As soon as the line containing "Дезодорант Шариковий Nike" appears in the material below, start returning lines exactly, and end with the line containing "Colours Pride Edition".

= DATASET CONTENT =
::::::::
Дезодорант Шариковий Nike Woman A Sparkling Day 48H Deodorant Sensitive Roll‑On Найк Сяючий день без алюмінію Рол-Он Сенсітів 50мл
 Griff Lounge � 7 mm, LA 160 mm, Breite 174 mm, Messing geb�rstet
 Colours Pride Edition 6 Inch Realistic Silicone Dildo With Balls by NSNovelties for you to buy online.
::::::::
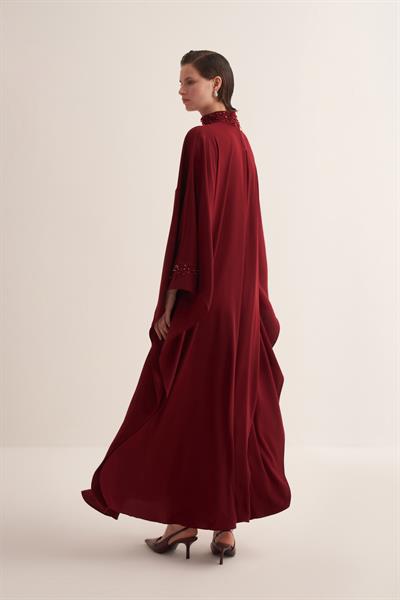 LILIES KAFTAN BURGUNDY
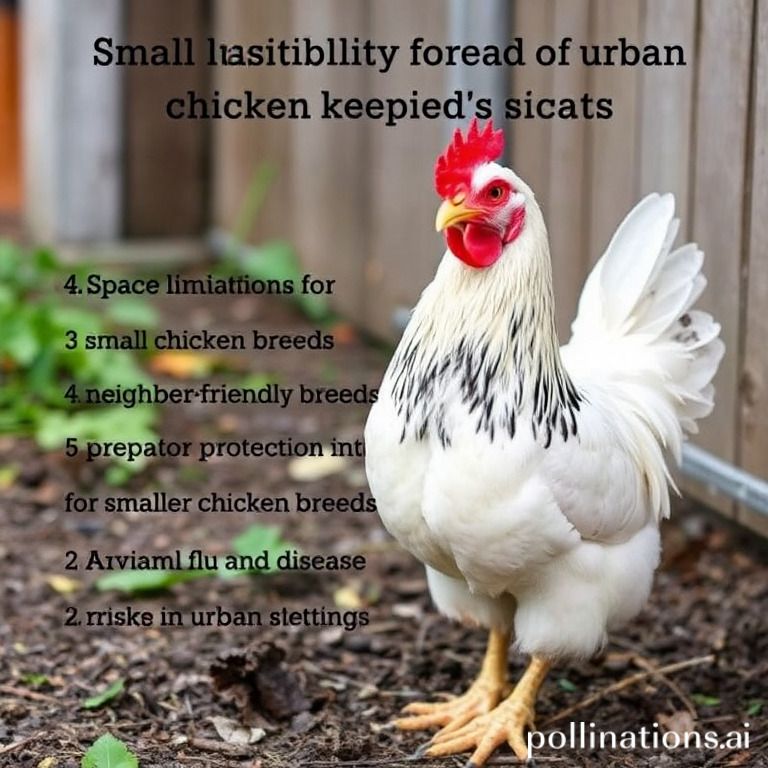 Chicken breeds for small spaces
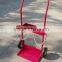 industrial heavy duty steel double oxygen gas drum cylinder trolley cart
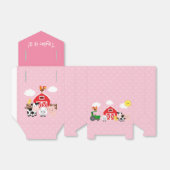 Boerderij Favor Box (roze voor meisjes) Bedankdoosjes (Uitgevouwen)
::::::::
= TASK OUTPUT =
Дезодорант Шариковий Nike Woman A Sparkling Day 48H Deodorant Sensitive Roll‑On Найк Сяючий день без алюмінію Рол-Он Сенсітів 50мл
 Griff Lounge � 7 mm, LA 160 mm, Breite 174 mm, Messing geb�rstet
 Colours Pride Edition 6 Inch Realistic Silicone Dildo With Balls by NSNovelties for you to buy online.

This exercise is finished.